Start of SUPPLIED MATERIAL

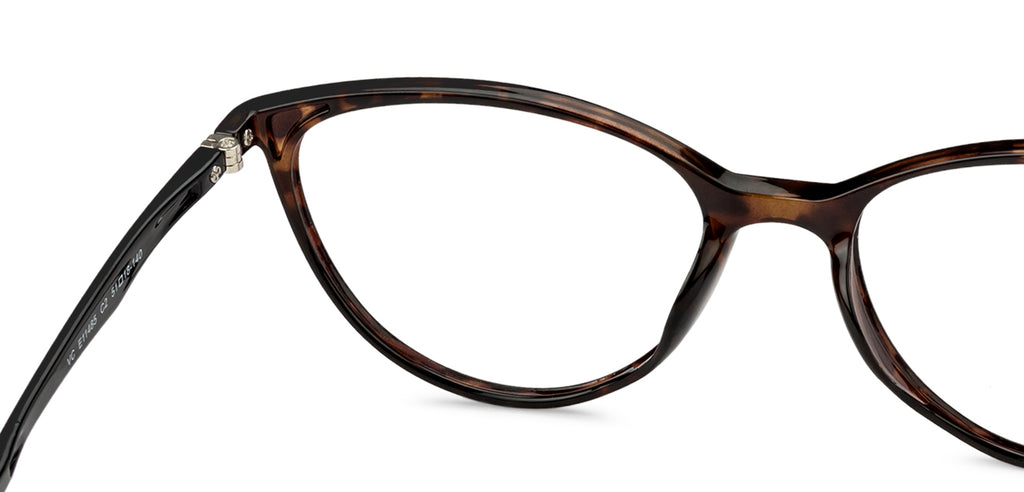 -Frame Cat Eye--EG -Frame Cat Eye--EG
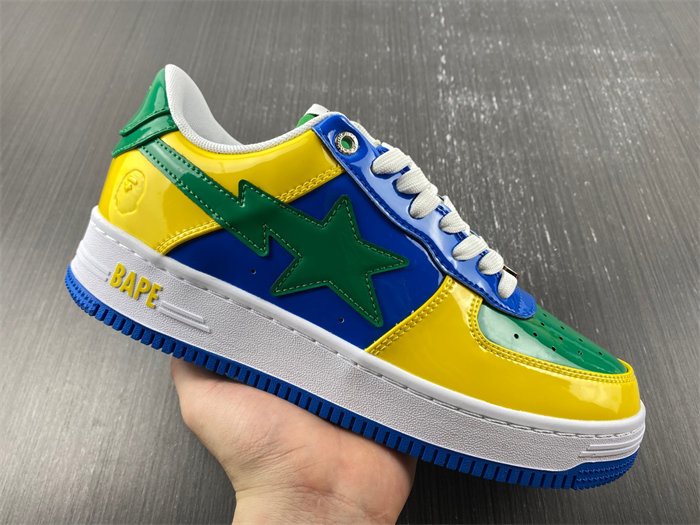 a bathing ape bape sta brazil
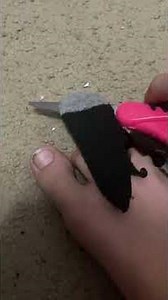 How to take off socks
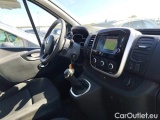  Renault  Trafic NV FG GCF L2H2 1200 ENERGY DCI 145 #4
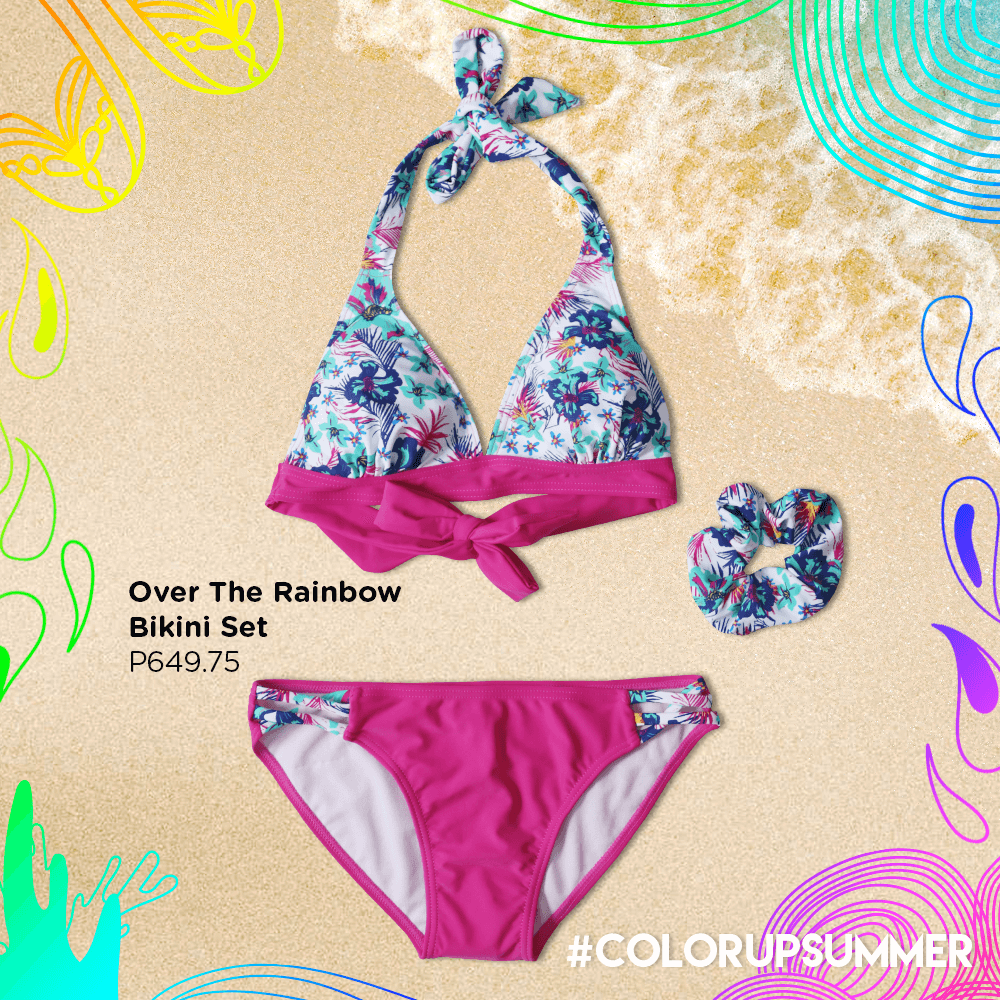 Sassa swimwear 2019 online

End of SUPPLIED MATERIAL

:: BRIEF ::
The span to retype runs from the line containing "a bathing ape bape sta brazil" through the last line of the listing above, both ends included; copy it exactly, without pictures.

:: YOUR SOLUTION ::
 a bathing ape bape sta brazil
 How to take off socks
  Renault  Trafic NV FG GCF L2H2 1200 ENERGY DCI 145 #4
 Sassa swimwear 2019 online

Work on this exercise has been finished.